General information


Subject type: Mandatory

Coordinator: Vladimir Bellavista Parent

Trimester: Third term

Credits: 4

Teaching staff: 

Vladimir Bellavista Parent
Montserrat Estañol Lamarca 

Academic year: 2025

Teaching course: 1

Languages ​​of instruction


  • Catalan

Competencies / Learning Outcomes


Basic skills
  • B2_That students know how to apply their knowledge to their job or vocation in a professional way and have the skills they demonstrate by developing and defending arguments and solving problems within their area of ​​study

  • B5_That students have developed those learning skills necessary to undertake further studies with a high degree of autonomy

Specific skills
  • EFB3_Ability to understand and master the basic concepts of discrete mathematics, logic, algorithms and computational complexity, and their application for solving engineering problems

  • EFB4_Basic knowledge of the use and programming of computers, operating systems, databases and computer programs with application in engineering

Presentation of the subject


This subject closes the block of programming subjects in the first year.

We begin by studying the use of volatile data stores (in memory) most frequent: cue i Battery, lists, sets, maps..., while continuing the approach to the OOP started in the previous subjects.

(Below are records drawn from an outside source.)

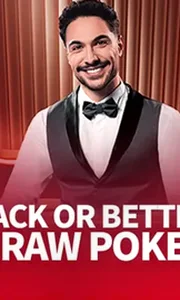 Jacksorbetterdrawpoker Pragmaticplay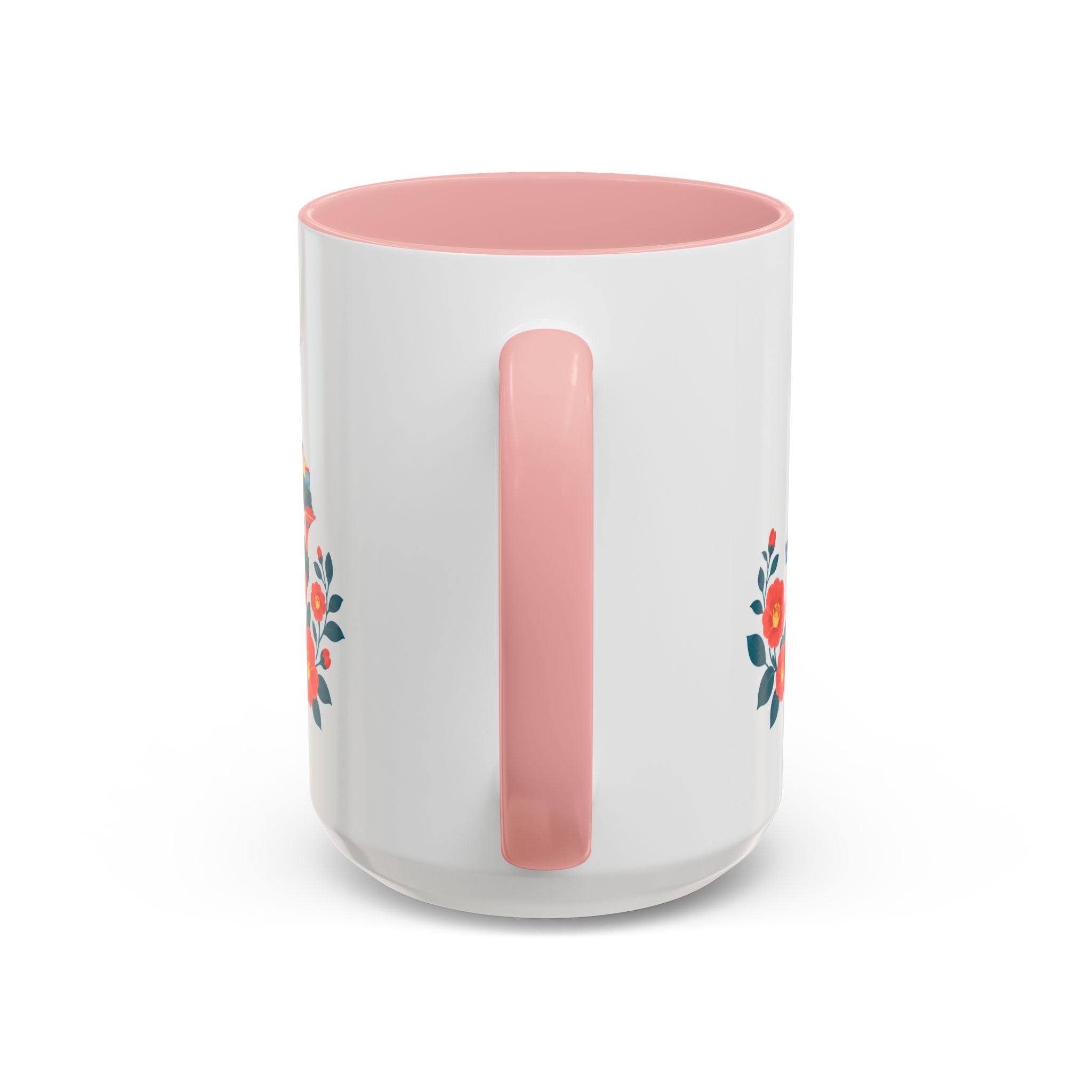 Busan Coffee Mug | South Korea Travel Souvenir | Porcelain Decal City Gift | 11oz 15oz Accent Mug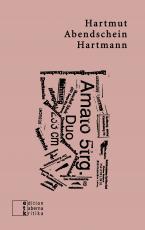 Cover-Bild Hartmann
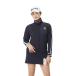  TaylorMade Golf [Ws] storm флис спортивная куртка / черный / TL544 / M20416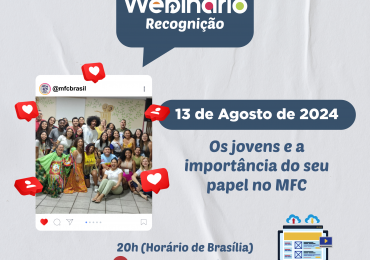 Próximo Webinário Agosto de 2024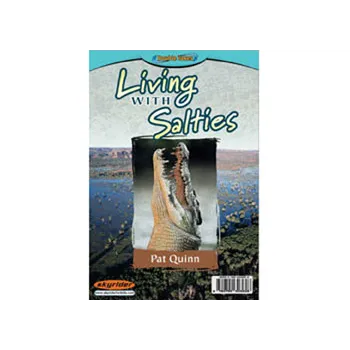 Chief Great Raven & Living with Salties Lvl 25-26 - Modern Teaching Aids NZ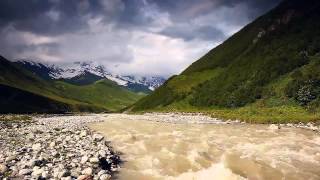 Svaneti, Georgia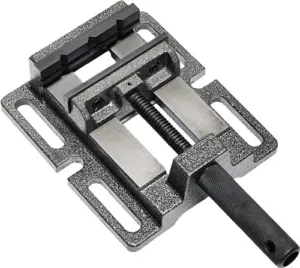 MORDAZA DE TALADRO 100X29MM FU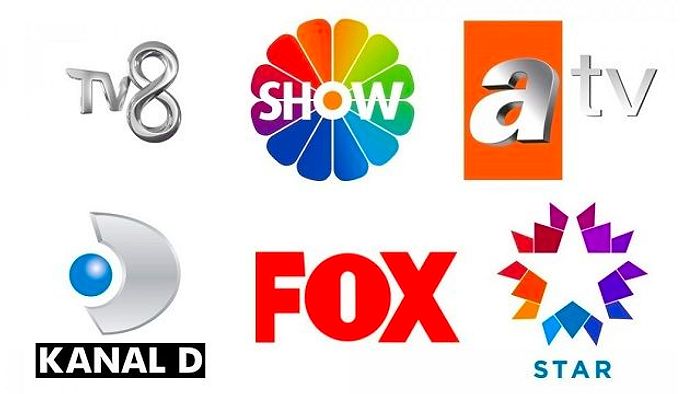 19 Haziran Pazar TV Yayın Akışı! Televizyonda Bugün Neler Var? Kanal D, Star, Show TV, FOX TV, ATV, TV8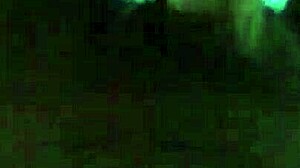 oh man this teen takes my load deep in her for that creampie action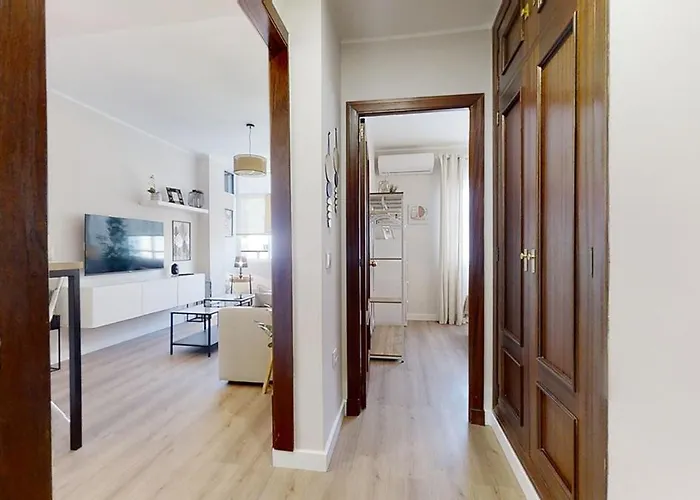 Porvenir Diseno Moderno Apartamento *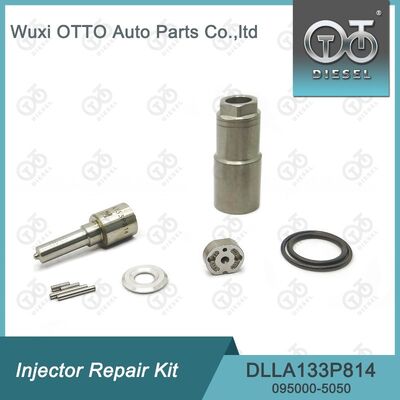 Van de Reparatiekit for injectors 095000-5050 van de Densoinjecteur de Pijp DLLA133P814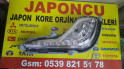 Oto Çıkma Parça / Hyundai / Accent / Far & Stop / Sis Farı / Sıfır Parça 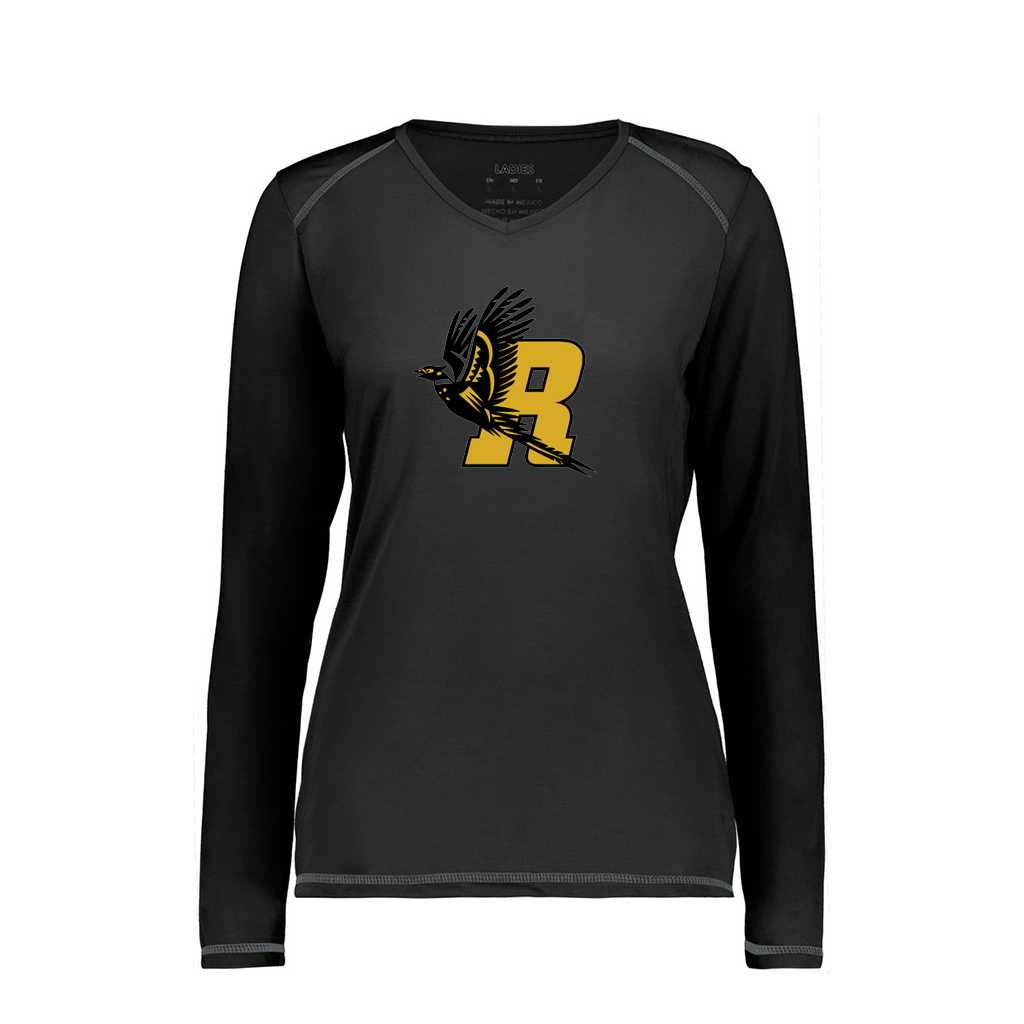 Women's SoftTouch Long Sleeve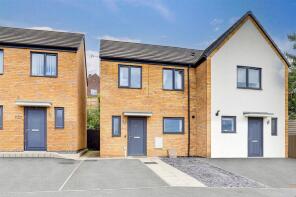 31, Barley Close, Nottingham NG4 3RB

We continue with a brief introduction to the techniques of recursive programmingTo finish showing the use offiles as a non-volatile storage tool.

The classroom (physical or virtual) is a safe space, free of sexist, racist, homophobic, transphobic and discriminatory attitudes, whether towards students or teachers. We trust that together we can create a safe space where we can make mistakes and learn without having to suffer prejudice from others. 

Contents


1. Data collections

  • Sequential collections: Piles (Stack (Height)), cues (Queues), Lists (List)
  • Sets (Set)
  • Associative collections (Maps o Dictionaries)

2. Recursion

  • Recursive Algorithms Vs. iterative algorithms
  • Recursive sequence treatment. Strategies

3. Permanent storage: archives

  • I / O to and from files. Channels
  • Text files
  • Data files (binary)

Activities and evaluation system


The final grade for the subject (QF) will be calculated as detailed below

TEO: theory qualification, assessable through exams 

PRAC: internship qualification

QPTP: weighted rating TEO (65%) and PRAC (35%)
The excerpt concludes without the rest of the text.